PROVIDED ENTRIES:
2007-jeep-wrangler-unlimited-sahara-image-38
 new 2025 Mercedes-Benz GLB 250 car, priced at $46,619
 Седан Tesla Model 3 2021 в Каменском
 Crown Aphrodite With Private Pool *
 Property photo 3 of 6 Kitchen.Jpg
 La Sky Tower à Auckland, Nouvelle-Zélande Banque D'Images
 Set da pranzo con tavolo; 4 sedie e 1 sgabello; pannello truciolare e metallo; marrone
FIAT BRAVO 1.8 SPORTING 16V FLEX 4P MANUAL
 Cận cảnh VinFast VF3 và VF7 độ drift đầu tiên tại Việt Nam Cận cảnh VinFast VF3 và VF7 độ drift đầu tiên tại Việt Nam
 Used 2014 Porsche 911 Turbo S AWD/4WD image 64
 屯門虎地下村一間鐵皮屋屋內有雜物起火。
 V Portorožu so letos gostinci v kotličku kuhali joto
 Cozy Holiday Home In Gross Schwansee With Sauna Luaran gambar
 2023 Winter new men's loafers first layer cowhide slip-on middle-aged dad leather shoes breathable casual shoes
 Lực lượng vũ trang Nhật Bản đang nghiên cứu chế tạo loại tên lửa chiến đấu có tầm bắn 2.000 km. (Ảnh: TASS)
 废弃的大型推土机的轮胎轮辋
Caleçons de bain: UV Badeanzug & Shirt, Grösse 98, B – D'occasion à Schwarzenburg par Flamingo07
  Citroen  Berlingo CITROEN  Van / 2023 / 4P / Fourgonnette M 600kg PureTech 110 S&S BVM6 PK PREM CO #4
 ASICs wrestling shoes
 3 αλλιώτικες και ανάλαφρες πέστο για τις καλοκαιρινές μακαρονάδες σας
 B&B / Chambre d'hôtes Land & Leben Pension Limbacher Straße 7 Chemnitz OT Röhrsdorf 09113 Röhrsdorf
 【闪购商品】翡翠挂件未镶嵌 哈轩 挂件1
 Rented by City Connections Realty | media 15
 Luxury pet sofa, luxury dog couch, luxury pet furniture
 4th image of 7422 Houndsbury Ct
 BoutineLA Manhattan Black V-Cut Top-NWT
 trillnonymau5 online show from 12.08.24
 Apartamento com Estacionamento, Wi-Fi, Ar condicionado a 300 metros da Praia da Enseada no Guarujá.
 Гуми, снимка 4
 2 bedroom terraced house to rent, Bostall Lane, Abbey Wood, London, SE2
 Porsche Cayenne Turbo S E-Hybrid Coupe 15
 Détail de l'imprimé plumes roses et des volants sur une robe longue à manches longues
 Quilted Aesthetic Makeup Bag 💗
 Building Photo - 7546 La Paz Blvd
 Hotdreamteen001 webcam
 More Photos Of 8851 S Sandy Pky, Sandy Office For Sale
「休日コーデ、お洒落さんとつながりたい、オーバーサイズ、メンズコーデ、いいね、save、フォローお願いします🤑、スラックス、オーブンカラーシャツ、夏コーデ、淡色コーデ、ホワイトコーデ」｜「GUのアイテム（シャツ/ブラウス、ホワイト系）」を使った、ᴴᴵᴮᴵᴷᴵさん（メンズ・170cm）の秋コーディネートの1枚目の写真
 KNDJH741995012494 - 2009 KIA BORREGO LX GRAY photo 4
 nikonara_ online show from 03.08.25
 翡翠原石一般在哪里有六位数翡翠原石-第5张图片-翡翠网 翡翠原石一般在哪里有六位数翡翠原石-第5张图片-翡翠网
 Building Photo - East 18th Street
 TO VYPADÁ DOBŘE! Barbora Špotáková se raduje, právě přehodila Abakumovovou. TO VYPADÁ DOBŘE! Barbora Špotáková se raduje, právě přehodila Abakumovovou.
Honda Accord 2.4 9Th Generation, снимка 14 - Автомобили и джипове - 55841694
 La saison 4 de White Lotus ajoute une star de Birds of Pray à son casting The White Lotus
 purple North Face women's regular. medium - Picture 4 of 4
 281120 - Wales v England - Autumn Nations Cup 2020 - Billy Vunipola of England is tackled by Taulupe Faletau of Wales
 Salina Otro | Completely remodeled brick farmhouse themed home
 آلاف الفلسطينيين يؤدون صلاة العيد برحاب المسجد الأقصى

EXERCISE OBJECTIVE: Begin with the line that has "Hotdreamteen001 webcam" in the listing above and end after the line that has "přehodila Abakumovovou. TO"; output those lines exactly.

TASK ANSWER:
 Hotdreamteen001 webcam
 More Photos Of 8851 S Sandy Pky, Sandy Office For Sale
「休日コーデ、お洒落さんとつながりたい、オーバーサイズ、メンズコーデ、いいね、save、フォローお願いします🤑、スラックス、オーブンカラーシャツ、夏コーデ、淡色コーデ、ホワイトコーデ」｜「GUのアイテム（シャツ/ブラウス、ホワイト系）」を使った、ᴴᴵᴮᴵᴷᴵさん（メンズ・170cm）の秋コーディネートの1枚目の写真
 KNDJH741995012494 - 2009 KIA BORREGO LX GRAY photo 4
 nikonara_ online show from 03.08.25
 翡翠原石一般在哪里有六位数翡翠原石-第5张图片-翡翠网 翡翠原石一般在哪里有六位数翡翠原石-第5张图片-翡翠网
 Building Photo - East 18th Street
 TO VYPADÁ DOBŘE! Barbora Špotáková se raduje, právě přehodila Abakumovovou. TO VYPADÁ DOBŘE! Barbora Špotáková se raduje, právě přehodila Abakumovovou.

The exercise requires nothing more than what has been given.